GMG Robotics compete in Grundy Center as season nears end

GMG Robotics members troubleshoot their robot during a match in Grundy Center on Saturday. PHOTO BY NICK BAUR

It was another week and another competitive meet for GMG Robotics as the team made the trek north to Grundy Center for their penultimate competition of the regular season.

While the team experienced a lackluster outing this weekend, dropping all five of their matches, Coach Andy Schaffer says the group of thirteen students is focusing on building a foundation based on “gracious professionalism” or showing how well they can work with others.

“I’m very happy and thankful for the group of kids I have. They take the reins, they kind of do it, which is what I intended for them to do because, it’s not my robot, it’s theirs,” he said. “They’re learning what it takes to not only be a part of a cooperative team, but also how to manage it, and how to navigate it, how to delegate tasks and that sort of thing. So for me, I’m very happy that I can kind of guide them.”

With the team now in its sixth year in existence, each year provides students with a new opportunity to design and build robots that accomplish certain tasks, giving students practice engaging in problem-solving and competitive teamwork.

“They’re here to compete, and work together and just have fun with it,” said Schaffer “Those kinds of students are great to work with, knowing that I can trust them. It’s just been fun getting to know it.”

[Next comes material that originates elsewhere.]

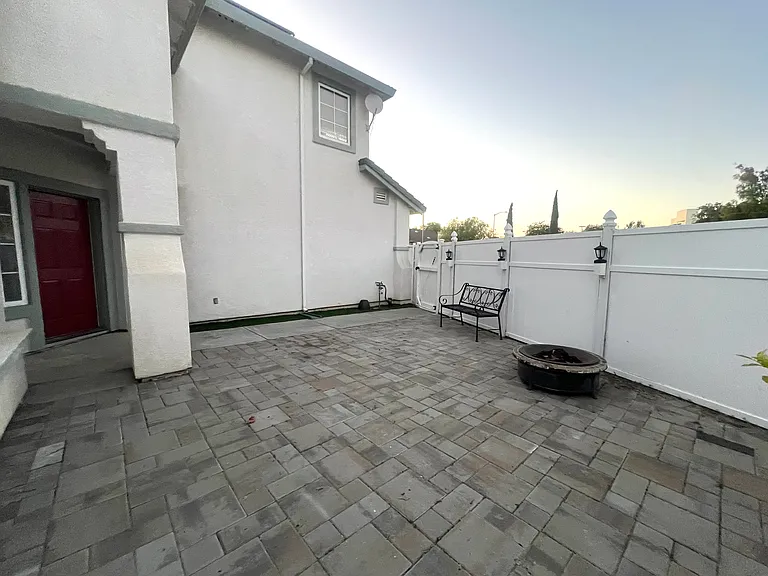 901 Hillock Ct — Photo 37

This year, the students were tasked with building a robot that could manually stack and move cups across a playing field into different areas and onto structures in order to score points. It’s a delicate dance that sees students continue to come up with unique solutions to various problems.

“What worked for us this year, may not work for us next year,” Schaffer said. “It gives them a fresh challenge to consider different engineering tasks that have to be accomplished.”

Underscoring the competition is the skills students foster as they straddle the many different areas of expertise that are required to keep the team running.

“I want the team to be an open experience for people. I’ve got a few members that maybe aren’t so interested in mechanical or the computer sides,” Schaffer said, citing some students who find their interests lie more in marketing the team or building relationships in the community in hopes of gathering sponsors, something which is sorely needed when the costs of the robots can become steep.

“They’re still a part of the team. They’re still a valuable member. They’re still going to help us find success,” he added.

GMG Robotics will be heading to Ames in two weeks to round out the regular season before embarking into district play in the run up to the state and national competition.